◆ **DATA IN THIS EXERCISE**:

----

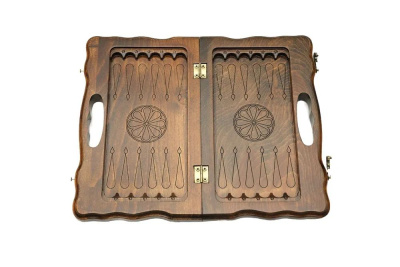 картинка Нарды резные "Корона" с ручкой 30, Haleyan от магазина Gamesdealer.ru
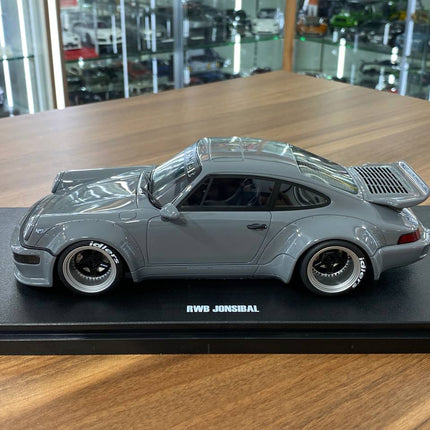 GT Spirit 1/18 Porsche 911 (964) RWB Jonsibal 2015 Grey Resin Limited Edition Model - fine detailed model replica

----

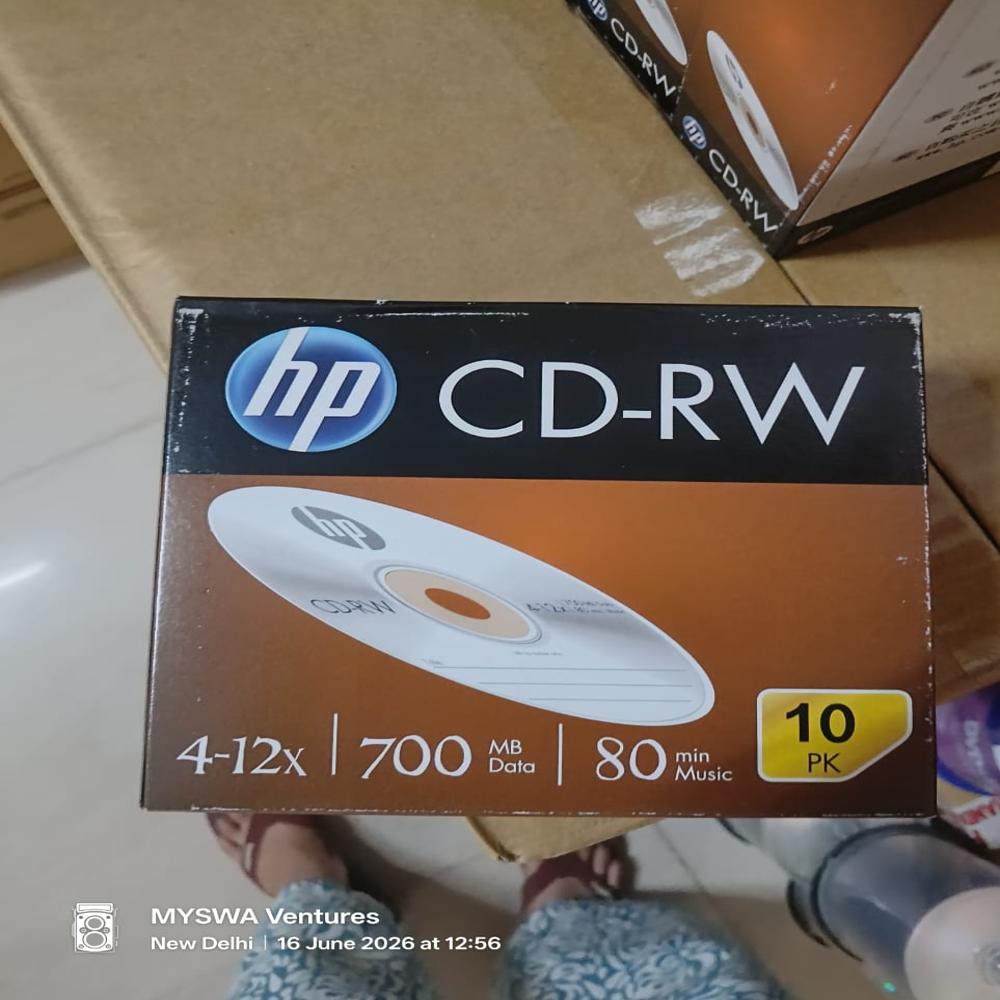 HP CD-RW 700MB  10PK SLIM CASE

----

◆ **EXERCISE BRIEF**:
Between and including the line with "картинка Нарды резные" and the line with "GT Spirit 1/18", repeat every line exactly as it appears above, with pictures left out.

◆ **RESPONSE TO THIS EXERCISE**:
 картинка Нарды резные "Корона" с ручкой 30, Haleyan от магазина Gamesdealer.ru
 GT Spirit 1/18 Porsche 911 (964) RWB Jonsibal 2015 Grey Resin Limited Edition Model - fine detailed model replica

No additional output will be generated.